-- INFORMATION SUPPLIED follows --

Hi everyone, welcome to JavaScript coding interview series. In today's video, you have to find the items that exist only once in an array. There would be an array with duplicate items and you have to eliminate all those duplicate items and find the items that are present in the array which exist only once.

-- INFORMATION SUPPLIED concluded --
-- INFORMATION SUPPLIED follows --

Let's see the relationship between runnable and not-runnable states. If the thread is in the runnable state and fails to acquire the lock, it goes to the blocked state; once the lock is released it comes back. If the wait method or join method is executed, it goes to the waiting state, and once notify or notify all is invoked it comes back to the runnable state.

-- INFORMATION SUPPLIED concluded --
-- INFORMATION SUPPLIED follows --

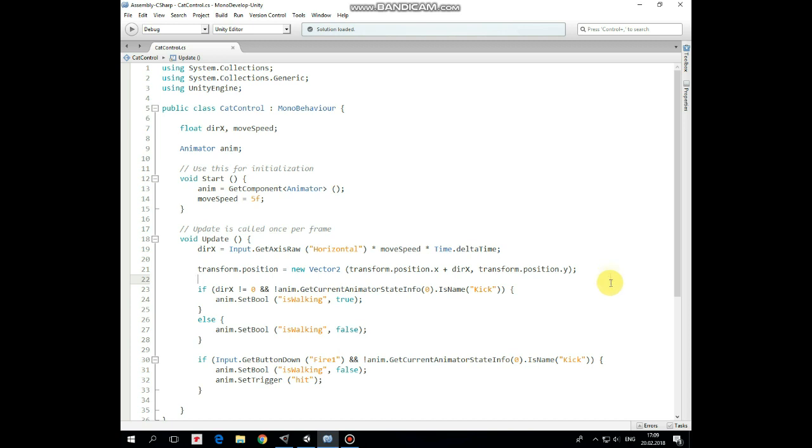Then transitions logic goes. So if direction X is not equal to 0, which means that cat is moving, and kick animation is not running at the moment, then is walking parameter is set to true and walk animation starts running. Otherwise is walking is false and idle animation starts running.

-- INFORMATION SUPPLIED concluded --

● **EXERCISE REQUIREMENTS**: Please filter the entries for the word "once" and copy the lines that have it.

● **YOUR RESPONSE**:
Hi everyone, welcome to JavaScript coding interview series. In today's video, you have to find the items that exist only once in an array. There would be an array with duplicate items and you have to eliminate all those duplicate items and find the items that are present in the array which exist only once.
Let's see the relationship between runnable and not-runnable states. If the thread is in the runnable state and fails to acquire the lock, it goes to the blocked state; once the lock is released it comes back. If the wait method or join method is executed, it goes to the waiting state, and once notify or notify all is invoked it comes back to the runnable state.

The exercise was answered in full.